Most of the time, the lazy loaders included with Polygraphy have several advantages:
- They allow us to defer the work until we actually need to do it, which can potentially save time.
- Since constructed loaders are extremely light-weight, runners using lazily evaluated loaders can be easily copied into other processes or threads, where they can then be launched. If runners instead referenced entire models/inference sessions, it would be non-trivial to copy them in this way.
- They allow us to define a sequence of operations in advance by chaining loaders together, which
provides an easy way to build reusable functions.
For example, we could create a loader that imports a model from ONNX and generates a serialized TensorRT Engine:
build_engine = EngineBytesFromNetwork(NetworkFromOnnxPath("/path/to/model.onnx"))
- They allow for special semantics where if a callable is provided to a loader, it takes ownership of the return value, whereas otherwise it does not. These special semantics are useful for sharing objects between multiple loaders.
However, this can sometimes lead to code that is less readable, or even downright confusing.
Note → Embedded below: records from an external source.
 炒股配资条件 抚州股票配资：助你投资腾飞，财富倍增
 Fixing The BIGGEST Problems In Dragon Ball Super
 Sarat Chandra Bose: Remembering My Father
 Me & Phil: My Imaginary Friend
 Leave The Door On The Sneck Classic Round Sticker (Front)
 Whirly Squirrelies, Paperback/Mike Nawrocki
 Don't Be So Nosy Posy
For example, consider the following:
# Each line in this example looks almost the same, but has significantly
# different behavior. Some of these lines even cause memory leaks!
EngineBytesFromNetwork(NetworkFromOnnxPath("/path/to/model.onnx")) # This is a loader instance, not an engine!
EngineBytesFromNetwork(NetworkFromOnnxPath("/path/to/model.onnx"))() # This is an engine.
EngineBytesFromNetwork(NetworkFromOnnxPath("/path/to/model.onnx")()) # And it's a loader instance again...
EngineBytesFromNetwork(NetworkFromOnnxPath("/path/to/model.onnx")())() # Back to an engine!
EngineBytesFromNetwork(NetworkFromOnnxPath("/path/to/model.onnx"))()() # This throws - can you see why?
For that reason, Polygraphy provides immediately-evaluated functional
equivalents of each loader. Each functional variant uses the same name as the loader, but
snake_case
instead of PascalCase
. Using the functional variants, loader code like:
parse_network = NetworkFromOnnxPath("/path/to/model.onnx")
create_config = CreateConfig(fp16=True, tf32=True)
build_engine = EngineFromNetwork(parse_network, create_config)
engine = build_engine()
becomes:
builder, network = network_from_onnx_path("/path/to/model.onnx")
config = create_config(builder, network, fp16=True, tf32=True)
engine = engine_from_network((builder, network), config)
The script included with this example showcases basic usage of the immediately evaluated functional API.
-
Install prerequisites
- Ensure that TensorRT is installed
- Install other dependencies with
python3 -m pip install -r requirements.txt
-
Run the example:
python3 example.py